Cafe culture, the imagined nirvana of British politicians who have based their idea of European quotidian life on their experiences of Provencal mountain retreats and Dordogne riverside bistros. Not for them the foetid stink of Sunday-morning urine in the corners of featureless urban squares and plazas. University of Michagan's report into the comparative drinking/smoking habits of European and American teenagers pops the romantic bubble somewhat.
The U.S. had the second-lowest proportion of students who used tobacco and alcohol compared to their counterparts in 36 European countries, a new report indicates.
The results originate from coordinated school surveys about substance use from more than 100,000 students in some of the largest countries in Europe like Germany, France and Italy, as well as many smaller ones from both Eastern and Western Europe.
The differences found between adolescent behaviors in the U.S. and Europe are dramatic, according to Lloyd Johnston, the principal investigator of the American surveys.
About 27 percent of American students drank alcohol during the 30 days prior to the survey. Only Iceland was lower at 17 percent, and the average rate in the 36 European countries was 57 percent, more than twice the rate in the U.S.
The proportion of American students smoking cigarettes in the month prior to the survey was 12 percent—again the second lowest in the rankings and again only Iceland had a lower rate at 10 percent. For all European countries the average proportion smoking was 28 percent, more than twice the rate in the U.S.
"One of the reasons that smoking and drinking rates among adolescents are so much lower here than in Europe is that both behaviors have been declining and have reached historically low levels in the U.S. over the 37-year life of the Monitoring the Future study," Johnston said. "But even in the earlier years of the European surveys, drinking and smoking by American adolescents was quite low by comparison.

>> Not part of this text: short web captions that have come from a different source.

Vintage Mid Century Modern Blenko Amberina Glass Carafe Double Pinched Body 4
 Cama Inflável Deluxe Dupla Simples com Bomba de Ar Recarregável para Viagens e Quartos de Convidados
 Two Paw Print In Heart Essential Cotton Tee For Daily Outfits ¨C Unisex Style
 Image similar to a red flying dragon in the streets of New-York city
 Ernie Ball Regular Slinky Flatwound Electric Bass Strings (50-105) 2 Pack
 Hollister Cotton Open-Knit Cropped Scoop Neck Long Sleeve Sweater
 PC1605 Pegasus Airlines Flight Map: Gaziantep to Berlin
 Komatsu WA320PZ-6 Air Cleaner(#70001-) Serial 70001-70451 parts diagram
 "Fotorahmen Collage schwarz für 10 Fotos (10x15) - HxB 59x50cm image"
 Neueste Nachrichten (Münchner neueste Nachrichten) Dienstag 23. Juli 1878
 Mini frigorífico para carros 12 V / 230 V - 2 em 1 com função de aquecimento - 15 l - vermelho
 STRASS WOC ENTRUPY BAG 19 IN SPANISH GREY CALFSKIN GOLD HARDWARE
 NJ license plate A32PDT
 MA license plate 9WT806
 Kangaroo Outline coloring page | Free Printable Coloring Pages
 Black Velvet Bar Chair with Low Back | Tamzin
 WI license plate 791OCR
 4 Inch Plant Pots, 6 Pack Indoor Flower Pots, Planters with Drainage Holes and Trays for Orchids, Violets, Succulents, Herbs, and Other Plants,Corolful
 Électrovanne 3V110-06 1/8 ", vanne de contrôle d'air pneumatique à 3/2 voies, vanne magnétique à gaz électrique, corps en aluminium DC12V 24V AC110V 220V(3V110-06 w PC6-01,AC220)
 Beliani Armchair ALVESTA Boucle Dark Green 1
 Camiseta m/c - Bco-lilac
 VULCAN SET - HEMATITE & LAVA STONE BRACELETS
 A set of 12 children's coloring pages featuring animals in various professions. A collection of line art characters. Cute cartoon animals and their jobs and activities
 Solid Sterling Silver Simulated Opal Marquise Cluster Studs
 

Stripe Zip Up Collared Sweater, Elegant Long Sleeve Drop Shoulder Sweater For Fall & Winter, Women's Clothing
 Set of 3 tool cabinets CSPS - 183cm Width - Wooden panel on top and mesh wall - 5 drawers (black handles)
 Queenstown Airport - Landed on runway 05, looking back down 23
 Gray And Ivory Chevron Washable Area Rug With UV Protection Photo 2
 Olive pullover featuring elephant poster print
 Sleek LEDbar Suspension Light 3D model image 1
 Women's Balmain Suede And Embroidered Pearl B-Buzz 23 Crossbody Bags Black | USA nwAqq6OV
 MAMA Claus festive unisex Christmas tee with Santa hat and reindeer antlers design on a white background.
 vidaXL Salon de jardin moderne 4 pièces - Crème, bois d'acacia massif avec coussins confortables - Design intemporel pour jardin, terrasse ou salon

Use of illicit drugs is quite a different matter.
The U.S. students tend to have among the highest rates of use of all of the countries. At 18 percent, the U.S. ranks third of 37 countries on the proportion of students using marijuana or hashish in the prior 30 days. Only France and Monaco had higher rates at 24 percent and 21 percent, respectively. The average across all the European countries was 7 percent, or less than half the rate in the U.S.
American students reported the highest level of marijuana availability of all the countries and the lowest proportion of students associating great risk with its use—factors that may help to explain their relatively high rates of use here, according to Johnston.
"Clearly the U.S. has attained relatively low rates of use for cigarettes and alcohol, though not as low as we would like," Johnston said. "But the level of illicit drug use by adolescents is still exceptional here."